Kinoptik Paris 100mm F2 Rolleiflex SL66 mount

Img_2065_w_1 Kinoptik Parisは本来、16mm、または35mmムービーカメラのレンズを作成していた、メーカーですが、35mm一眼レフ用にもAlpa用にレンズを提供しておりました。実は、これらのレンズは現在でも新品が手に入ります。しかし、お値段はきっと、お高いものなのでしょうね。

私のレンズは、おそらくアリフレックス用に提供されていたレンズをRolleiflex SL66用に改造したものです。Kinoptikの100mmはイメージサークルが大きいのでこんな改造もアリなのですが、見事な細工にもかかわらず、Rolleiflex SL66自体がポピュラーなカメラでは無いので、この改造によって、このレンズとしては安価な価格で手に入れることが出来ました。私にとっては天からの授かり物でした。
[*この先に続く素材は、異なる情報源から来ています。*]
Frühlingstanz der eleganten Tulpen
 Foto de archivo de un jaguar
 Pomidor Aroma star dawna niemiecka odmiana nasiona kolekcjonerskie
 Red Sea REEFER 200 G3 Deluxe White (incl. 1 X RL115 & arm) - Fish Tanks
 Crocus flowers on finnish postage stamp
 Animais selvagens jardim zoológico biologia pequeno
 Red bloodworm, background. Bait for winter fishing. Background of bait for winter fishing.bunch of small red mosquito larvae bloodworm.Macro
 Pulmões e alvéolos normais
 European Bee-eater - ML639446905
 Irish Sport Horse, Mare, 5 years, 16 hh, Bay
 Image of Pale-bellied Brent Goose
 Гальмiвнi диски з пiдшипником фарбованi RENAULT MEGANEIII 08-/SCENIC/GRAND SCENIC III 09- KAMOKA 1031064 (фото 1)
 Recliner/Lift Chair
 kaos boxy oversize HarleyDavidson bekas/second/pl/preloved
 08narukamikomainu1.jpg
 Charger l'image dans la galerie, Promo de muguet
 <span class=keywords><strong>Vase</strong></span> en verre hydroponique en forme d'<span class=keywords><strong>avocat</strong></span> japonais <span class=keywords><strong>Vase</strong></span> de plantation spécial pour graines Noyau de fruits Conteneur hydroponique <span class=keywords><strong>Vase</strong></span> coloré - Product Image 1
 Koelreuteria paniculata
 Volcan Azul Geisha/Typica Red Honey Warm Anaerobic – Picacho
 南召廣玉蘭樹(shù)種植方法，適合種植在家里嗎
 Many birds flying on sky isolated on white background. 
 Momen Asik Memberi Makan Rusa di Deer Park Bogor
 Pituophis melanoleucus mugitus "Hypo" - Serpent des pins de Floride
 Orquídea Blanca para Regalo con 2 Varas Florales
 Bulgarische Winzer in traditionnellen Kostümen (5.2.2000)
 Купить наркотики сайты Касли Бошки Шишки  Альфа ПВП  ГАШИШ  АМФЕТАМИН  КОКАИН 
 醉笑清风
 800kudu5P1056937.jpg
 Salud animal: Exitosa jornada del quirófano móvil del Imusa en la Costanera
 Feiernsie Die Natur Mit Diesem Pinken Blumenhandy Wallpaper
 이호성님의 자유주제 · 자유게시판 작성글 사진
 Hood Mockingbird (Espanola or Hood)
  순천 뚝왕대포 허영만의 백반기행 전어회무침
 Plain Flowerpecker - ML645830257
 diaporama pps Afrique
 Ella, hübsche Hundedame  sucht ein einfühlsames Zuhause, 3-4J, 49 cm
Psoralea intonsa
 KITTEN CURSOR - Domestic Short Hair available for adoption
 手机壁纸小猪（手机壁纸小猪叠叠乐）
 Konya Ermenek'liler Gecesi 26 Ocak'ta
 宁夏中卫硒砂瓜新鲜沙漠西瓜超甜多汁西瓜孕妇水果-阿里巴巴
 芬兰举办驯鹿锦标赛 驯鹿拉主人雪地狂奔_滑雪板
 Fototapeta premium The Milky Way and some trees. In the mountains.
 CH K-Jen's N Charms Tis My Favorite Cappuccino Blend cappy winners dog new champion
このレンズは開放から6x6をカバーします。ちょっと周辺のボケが怪しいかなーとも思うのですが、もともとこのレンズは35mmで撮ってもボケの部分の周辺は怪しい時があるので、こんなモノなのでしょう。

私はもともと接写用にこのレンズを考えていましたので、なるべく絞って使います。それでもF11以上に絞ると回析が出てきてコントラストが落ちるのでF11以上には絞りません。

また、このレンズはフィルター枠が特殊なサイズですので、私はステップアップリングをパーマセルで貼り付けて、ブロニカの蛇腹フードを取り付けて使用します。このフードはこのレンズにとって必需品であるのです。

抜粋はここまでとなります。